I was told my series 80 1911 has a drop saftey in it to prevent accidental discharge if droped....i droped my pistol last night thankfully empty with the hammer back and it droped the hammer hitting the rug. I was told this shouldnt have happend, what should i do? does the gun need repair? I know it should have never happend but it did and im worried there is something wrong with my pistol.
Bob


----------



## Mike Barham (Mar 30, 2006)

Just give it a quick function test. Ensure the pistol is unloaded. 

Engage the thumb safety. Press the trigger. Nothing should happen.

Depress the thumb safety. Press trigger. Hammer should fall.

Insert a pencil in the barrel, eraser first. Cock hammer and press trigger. Hammer should fall and pencil should shoot out the barrel.

If everything works, no worries. If the safety, trigger, or hammer fails, or the pencil doesn't fly out, see a gunsmith.

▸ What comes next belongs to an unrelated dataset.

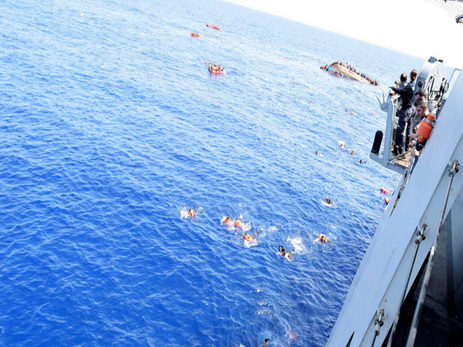 У берегов Ливии в понедельник спасено 6500 мигрантов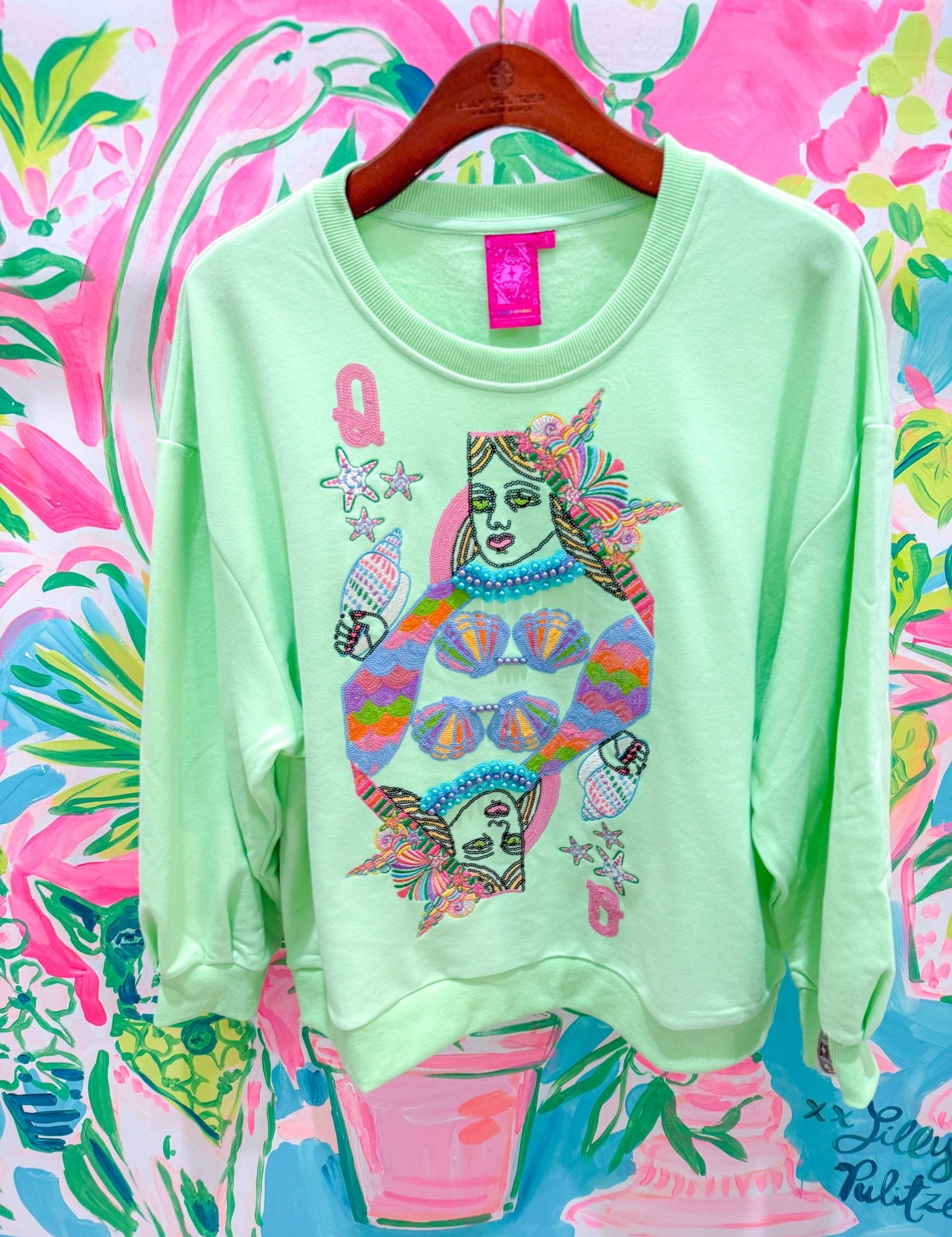 Light Green Queen of the Sea Card Logo SweatshirtQueen of SparklesThe Printed Peach Savannah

Just dropping the pistol on a rug should cause no harm. It's made of steel, which I am willing to bet is a bit harder than your rug or floor.


----------



## mrsnipy (Nov 14, 2007)

thanks mike i will try this test.
Bob


----------



## rjm111 (Mar 19, 2008)

*Firing Pin Safety*

The firing pin block will not let the firing pin go forward enough to strike the primer unless the trigger is pulled. When the trigger is pulled it pushes the firing pin block out of the way. The hammer may drop but the firing pin will not hit the primer unless the trigger is pulled.


----------